透き通るような青い空に、虹よりも高くそびえ立つエッフェル塔。眩くきらめく電子公告に、空飛ぶ楽器にアバター。ここは「パラリアルパリ」。インターネットを通じて行くことができる、仮想世界の花の都だ。「バーチャルマーケット2022 Winter」というイベントの会場の1つで、なんと無料である。自宅からパソコンを付けてひとっ飛び。ロード時間30秒のフライトで、現実のパリを模した街並みを楽しむことができる。

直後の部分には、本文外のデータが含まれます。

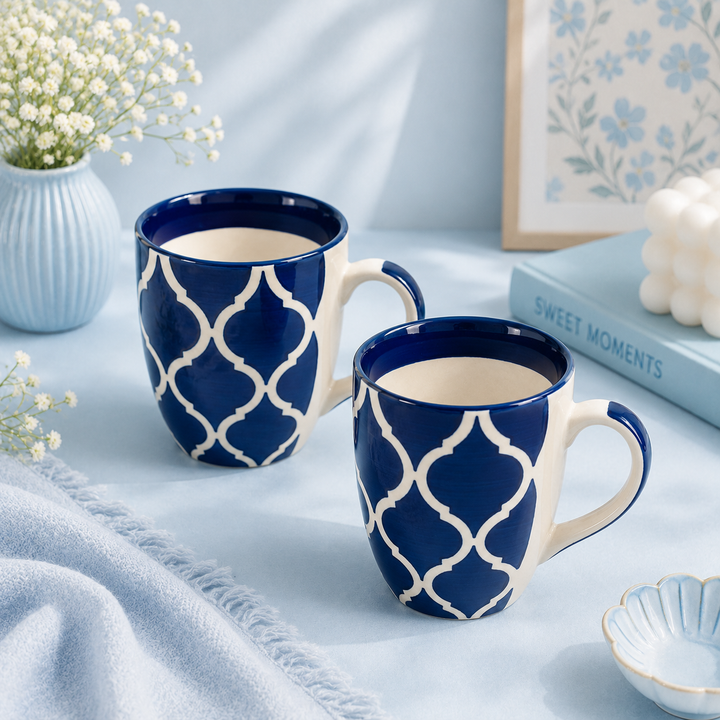 Athena Home Blue Mosaic Ceramic Coffee Mug Set of 2 | 300 ml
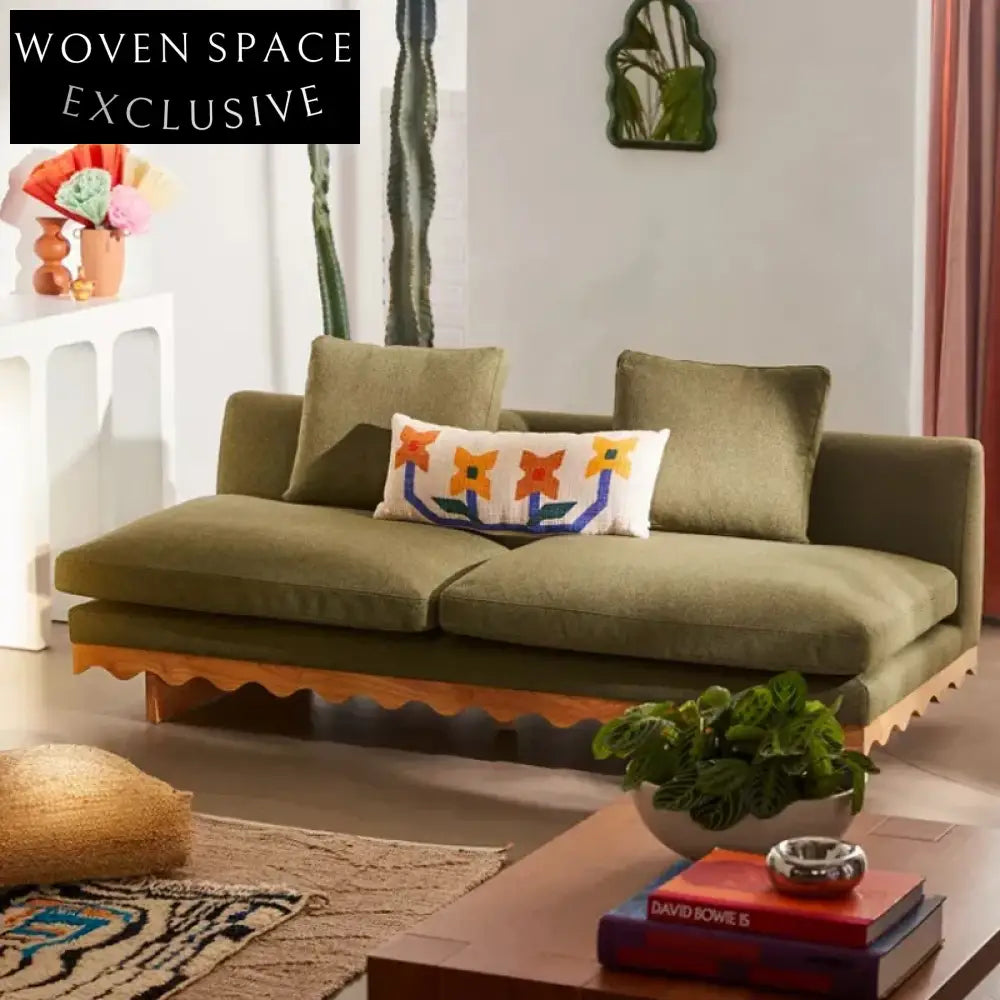 Modern Recliner Dual Fabric Sofa with Wood Legs, Living Room Double Couch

https://winter2022.vket.com/world/2

広い道幅に整然と高さが揃った石造りの街並み、そして装飾付きの縦長窓に、軒先のカフェテリア。長く大きく根を張った街路樹たちが、この街の歴史の深さを伝えてくれる。バーチャル世界なので、自由に車道を歩けるのが良い気分だ。自動車に轢かれる心配もない。

甘い匂いに誘われてカフェテリアに立ち寄ると、本場の洋菓子やコーヒーを持つことができる。ちなみにパリのカフェではお酒も飲める。トリコロールカラーの土産物袋が旅情をかきたてる。

また、近年フランスでは日本食も増えてきている。大丸松坂屋百貨店では、抹茶ショコラや大福などの和洋折衷なスイーツも頂けた。2階にはアートギャラリーもあるのが、芸術の街たるパリらしい。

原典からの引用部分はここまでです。